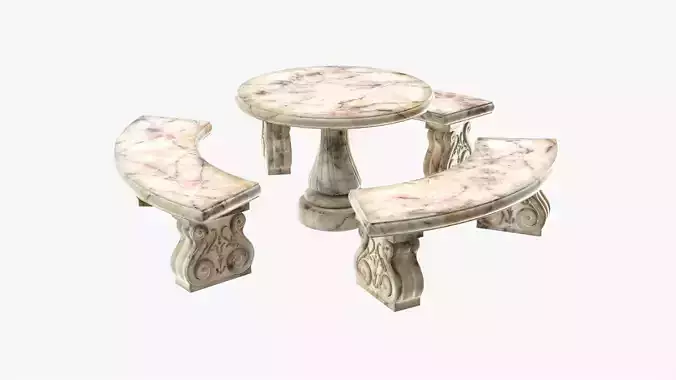 Garden stone furniture set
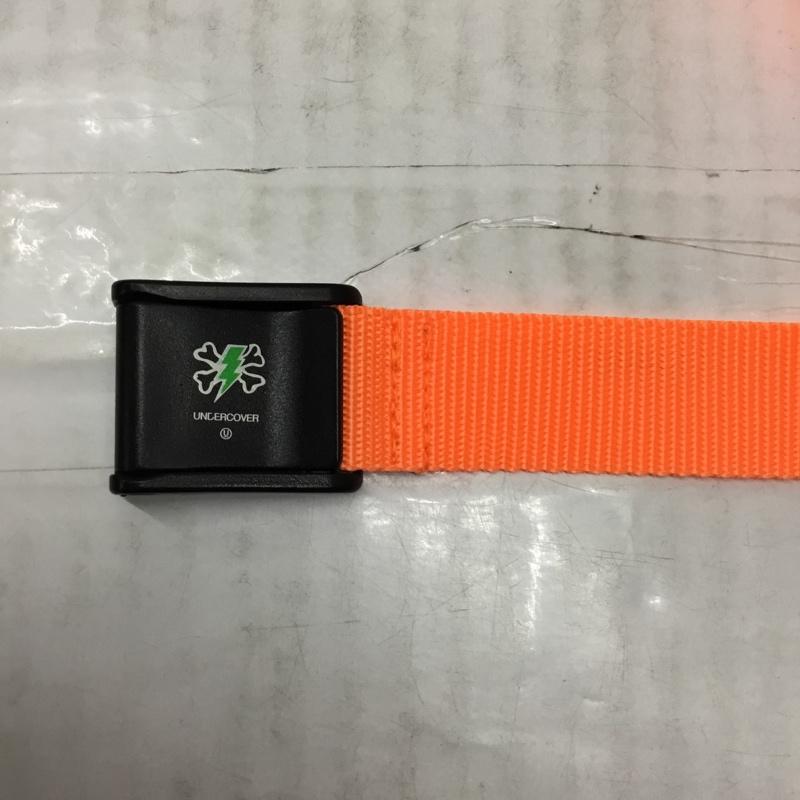 アンダーカバー UNDERCOVER ベルト・バックル ベルト ガチャベルト ワンポイント 橙 / オレンジ /  メンズ USED 古着 中古 10110682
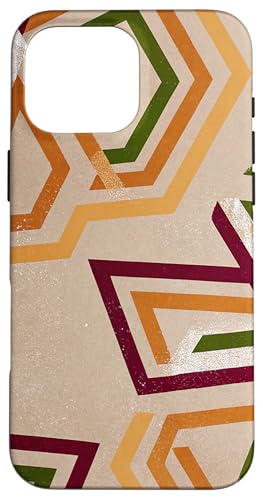 Geometrisches abstraktes Muster, braune, grüne und orangefarbene Dreiecke Hülle für iPhone 16 Pro Max Geometrisches abstraktes Muster, braune, grüne und orangefarbene Dreiecke Hülle für iPhone 16 Pro Max von BY CRADOX CREATIVE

**Action item**
In transcribing the lines above, omit the images and keep all else exact.

**Exercise output**
 Garden stone furniture set
 アンダーカバー UNDERCOVER ベルト・バックル ベルト ガチャベルト ワンポイント 橙 / オレンジ /  メンズ USED 古着 中古 10110682
 Geometrisches abstraktes Muster, braune, grüne und orangefarbene Dreiecke Hülle für iPhone 16 Pro Max Geometrisches abstraktes Muster, braune, grüne und orangefarbene Dreiecke Hülle für iPhone 16 Pro Max von BY CRADOX CREATIVE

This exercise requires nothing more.